The highlight will be wrong:
"{highlight}NODE_PATH=/usr/lib/node{/highlight}_modules ./upgrade-indices.js upgrades"
Instead of
"{highlight}NODE{/highlight}_PATH=/usr/lib/{highlight}node{/highlight}_modules ./upgrade-indices.js upgrades"
I know it has something to do with the offsets. But I can't find a solution.

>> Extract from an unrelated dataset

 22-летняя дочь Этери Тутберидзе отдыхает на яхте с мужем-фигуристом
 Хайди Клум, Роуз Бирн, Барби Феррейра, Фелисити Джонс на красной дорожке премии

This is the analyze api result:
{
"tokens": [
{
"token": "node_path=/usr/lib/node_modules",
"start_offset": 0,
"end_offset": 31,
"type": "word",
"position": 0
},
{
"token": "node",
"start_offset": 0,
"end_offset": 4,
"type": "word",
"position": 0
},
{
"token": "path",
"start_offset": 5,
"end_offset": 9,
"type": "word",
"position": 1
},
{
"token": "usr",
"start_offset": 11,
"end_offset": 14,
"type": "word",
"position": 2
},
{
"token": "lib",
"start_offset": 15,
"end_offset": 18,
"type": "word",
"position": 3
},
{
"token": "node",
"start_offset": 19,
"end_offset": 23,
"type": "word",
"position": 4
},
{
"token": "modules",
"start_offset": 24,
"end_offset": 31,
"type": "word",
"position": 5
},
{
"token": "./upgrade-indices.js",
"start_offset": 32,
"end_offset": 52,
"type": "word",
"position": 6
},
{
"token": "upgrade",
"start_offset": 34,
"end_offset": 41,
"type": "word",
"position": 6
},
{
"token": "indices",
"start_offset": 42,
"end_offset": 49,
"type": "word",
"position": 7
},
{
"token": "js",
"start_offset": 50,
"end_offset": 52,
"type": "word",
"position": 8
},
{
"token": "upgrades",
"start_offset": 53,
"end_offset": 61,
"type": "word",
"position": 9
}
]
}